Roman terriblement d'actualité, évidemment, à l'heure où Vladimir Poutine tente d'annihiler l'Ukraine pour lui redonner le statut de satellite russe dans un désir de nouvelle URSS, écrit ici avec une magistrale délicatesse évanescente et une touche de surnaturel par Alexandra Koszelyk, d'origine ukrainienne - et l'on sent, en effet, que le projet romanesque de L'archiviste est profondément personnel.
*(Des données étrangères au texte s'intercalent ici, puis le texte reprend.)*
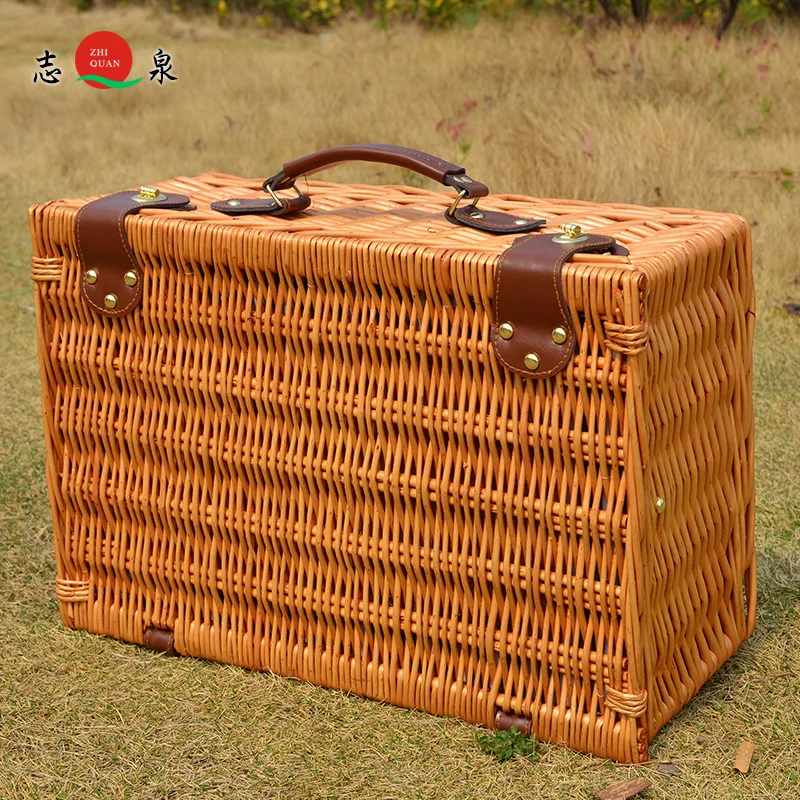 Picnic Basket Goods Cane Willow Thermal Preservation Belt Cover Camping Receiving Tableware | Дом и сад
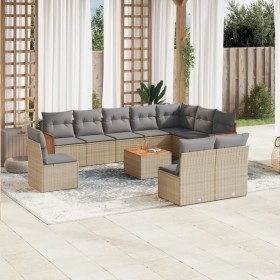 Set de sofás de jardín 11pzas con cojines ratán sintético beige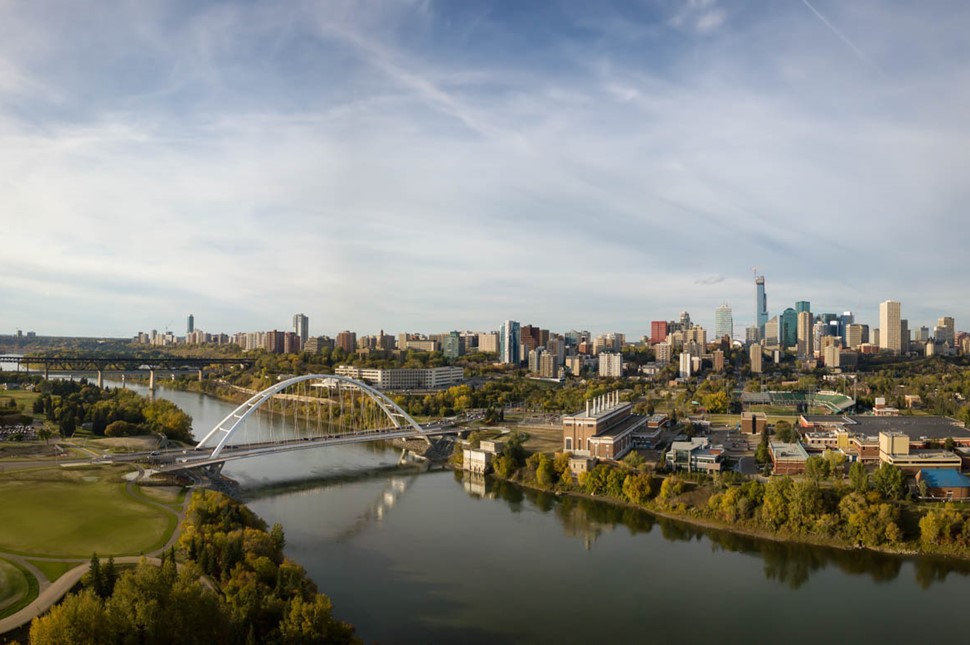 aerial view of Edmonton city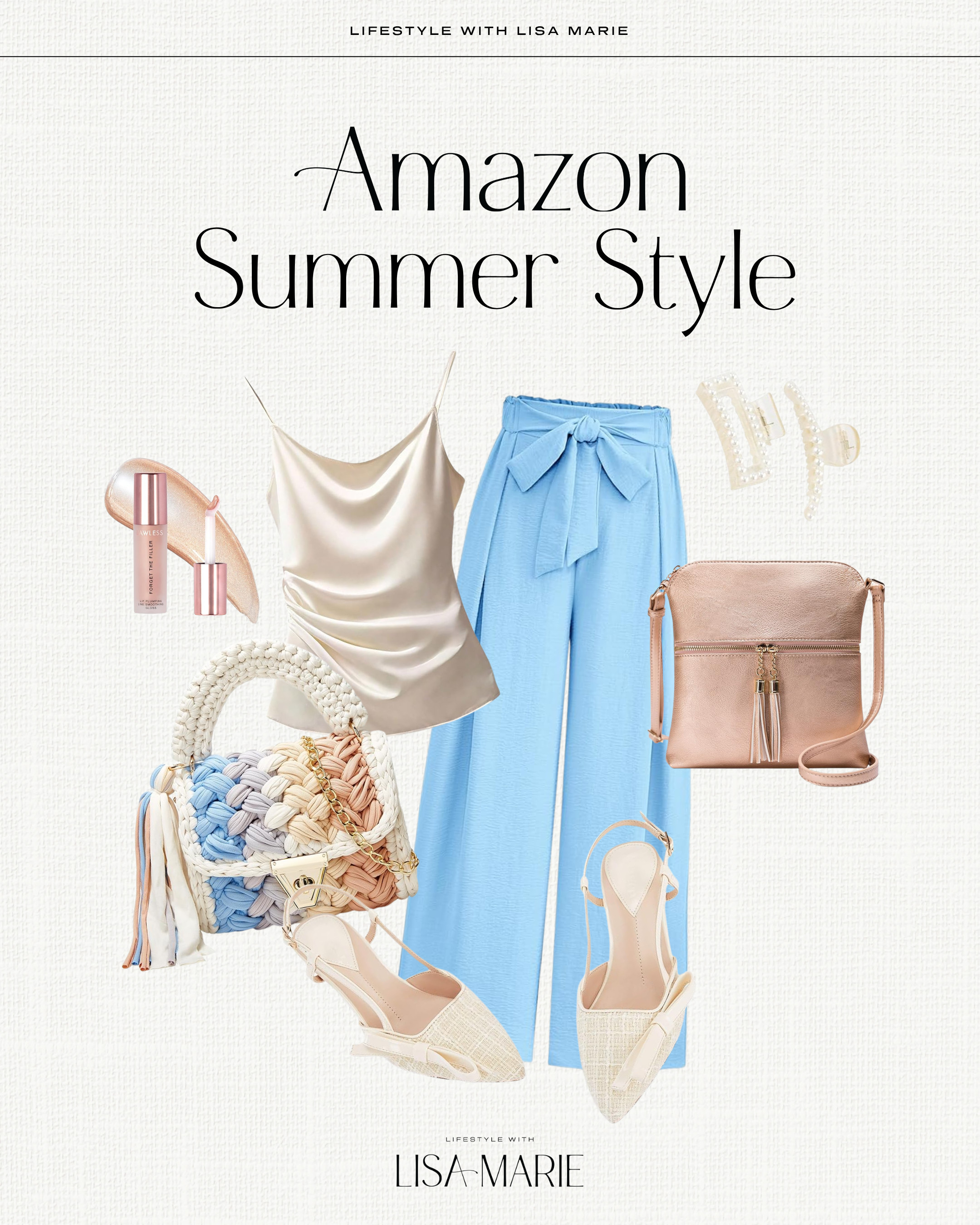 The cutest summer outfit from Amazon for an event, shower, brunch or professional lunch - just throw on a blazer! Ivory and beige silk and satin tops. High-waisted trousers. Rose gold purses, lip gloss, jewelry and accessories. Linen heels. Crochet clutches, purses and handbags. Pearl hair clips and accessories. Pastel spring and summer outfits.

#LTKSeasonal #LTKPetite #LTKWorkwear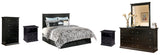 Maribel King/California King Panel Headboard Bed with Mirrored Dresser, Chest and 2 Nightstands in Black from Ashley - Luna Furniture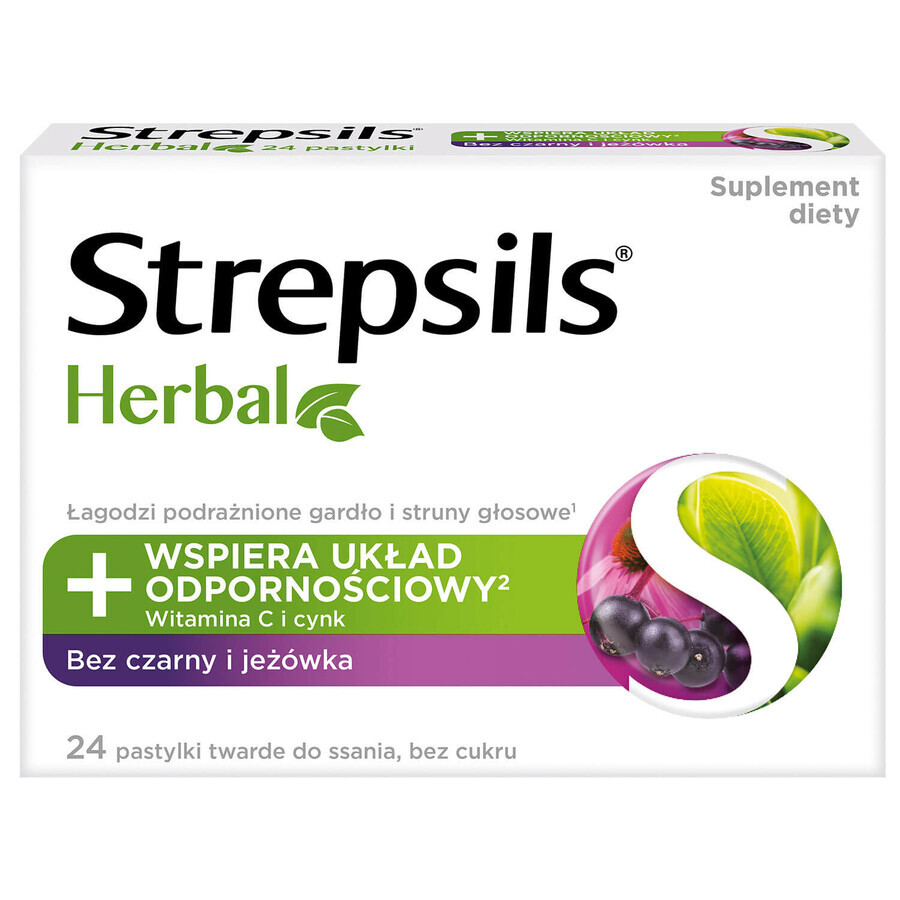 Strepsils Herbal, saveur sureau et échinacée, sans sucre, 24 pastilles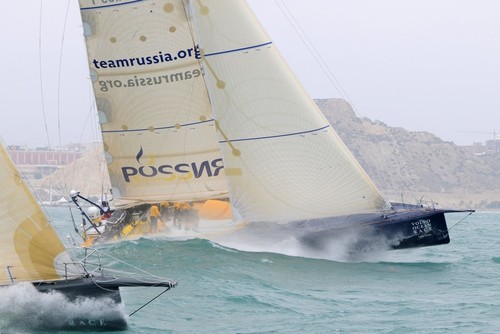 Team Russia launching off a wave after the start of the 2008-2009 Volvo Ocean Race in Alicante, Spain. Photo copyright Dave Kneale - Volvo Ocean Race.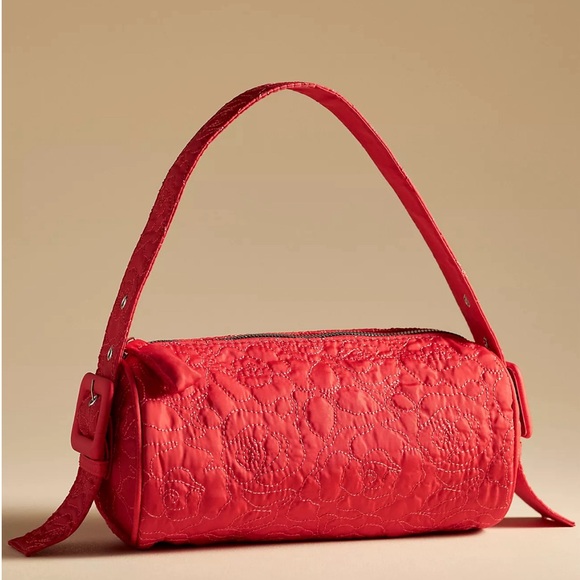 Anthropologie Handbags - Anthropologie Red Quilted Shoulder Bag
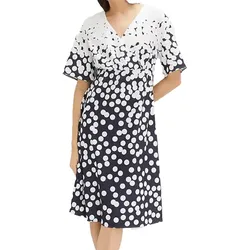 Damen Sommer-Kleid mit Allover Polka-Dots leicht ausgestelltes Mini-Kleid 942863 Weiß/Blau - 36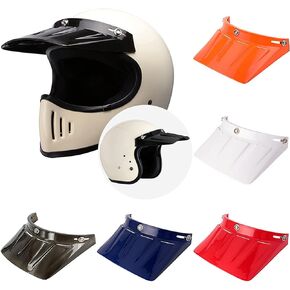 Retro 3-Snap Long Duck Visor for Motorcycle Helmets (Black)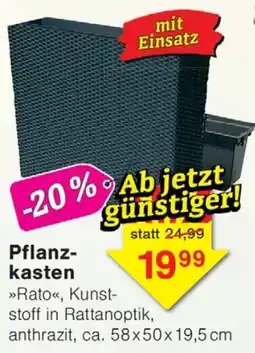 Wiglo Wunderland Pflanzkasten »Rato«, Kunststoff in Rattanoptik, anthrazit Angebot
A travers l'histoire de K, archiviste qui verse dans la résistance passive contre l'ennemi, à défaut de pouvoir faire bien plus - enfin au début -, c'est toute l'histoire de l'Ukraine qui nous est contée, de sa fondation à la révolution de Maidan, dans toute sa résistance face à l'ennemi russe, et de fait c'est aussi l'histoire de tout.e.s celles et ceux qui ont résisté, et qui résisteront encore, pour sauvegarder sa littérature, son art, sa culture, plus généralement son identité qui nous est contée par l'intermédiaire d'une polyphonie narrative fluide, servant à la perfection le propos.

Je remercie les éditions Aux Forges de Vulcain et NetGalley de m'avoir permis de découvrir ce roman, que j'ai trouvé enchanteur, très émouvant, malgré la gravité du sujet et des circonstances qui en expliquent son intrigue.